Wednesday, April 21, 2021

Herb/ a cook's companion - Mark Diacono

Herb - the second book I bought in an actual bookshop last week when it was finally possible to do so again for the first time in months. I don't really know where I am with the easing of lockdown restrictions. Leicester never properly came out of them last year so it's been a long time. I'm not finding it easy to grasp that it's almost May, don't really know where the time has gone over the last couple of months, and am not sure how ready I am to rejoin the world - not that there's a lot of choice about the latter.

I spent a good portion of last week (or was it the week before?) making a spreadsheet of all the weird, gothic, horror, and ghost stories I have in anthologies (about 600 of them, 'Rappacinni's Daughter' by Nathanial Hawthorne turned out to be inexplicably to me popular, I think it's fairly ordinary but it's made it into 3 different collections). I should probably have started doing this sort of thing a year ago. That I've left it until now makes me wonder if it's an excuse to stay in.

Last week also bought an opportunity to cook for another person, which is almost as good as not having to cook for myself, and as it coincided with buying 'Herb', and I had all the ingredients (bar some sage that I pinched from a nearby garden border, and having tinned rather than fresh pineapple) for a pineapple and sage upside down cake it seemed like a promising place to start. I was not wrong.

It's a great cake that works really well as quite a smart pudding (or at least it would if you don't use chopped tinned pineapple which will not lose it's sad 1970's fruit salad look) as well as something nice to have with coffee. The amazing thing was that a combination of sage and cardamom along with the pineapple somehow suggested a hint of ginger.
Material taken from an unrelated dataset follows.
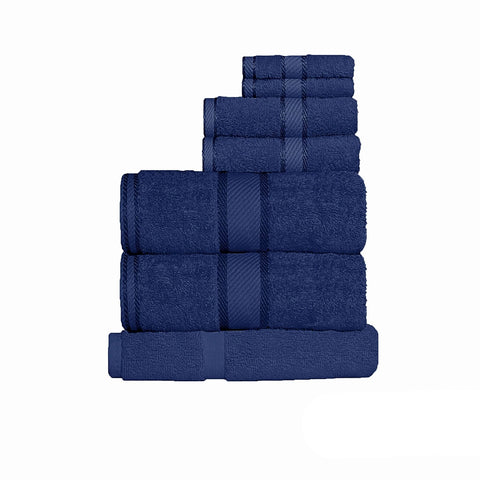 Darrahopens Home & Garden > Bathroom Accessories Kingtex 550gsm Cotton 7 Pce Towel Set Navy
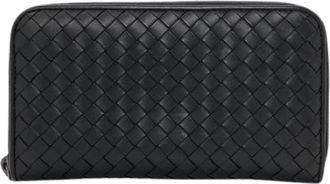 Bottega Veneta Pre-owned Lange portemonnee (bi-fold) - Dames - Vintage Accessoires - Zwart - ONE Size - Leer - Vintage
We drank whisky with it (to keep the cold out) Laphroaig PX cask - which was a splendid match, so much so that even the memory of it a week later is making me smile.

I am basically a sucker for a herb book, even though I no longer have a garden, or even a particularly satisfactory herb growing windowsill. The only thing I've managed to successfully grow is Myrtle, which doesn't mind being blasted by summer heat through the glass. Supermarket herb pots always get either green or white fly, and I can't keep up with watering them. This actually turns out to be a fairly decent book for someone with my lack of growing space. 

This is because it's a by no means exhaustive guide - there's a list of Diacono's favourite kitchen herbs, enough of which are available in supermarkets, or which might be easily foraged from friends gardens. These are treated as a starting point, so there's advice on growing, preparing, cooking. Each featured herb comes with a really decent list of things it goes well with which is perfect for encouraging experimentation, and the recipes are more or less (delicious) places to start from. The beauty of this book is in the way it makes you think about flavour and shows you how to get the most out of the herbs you have. I don't need a garden to be able to make better use of the things I can buy, and when I do have a garden I'll have learnt all sorts of things.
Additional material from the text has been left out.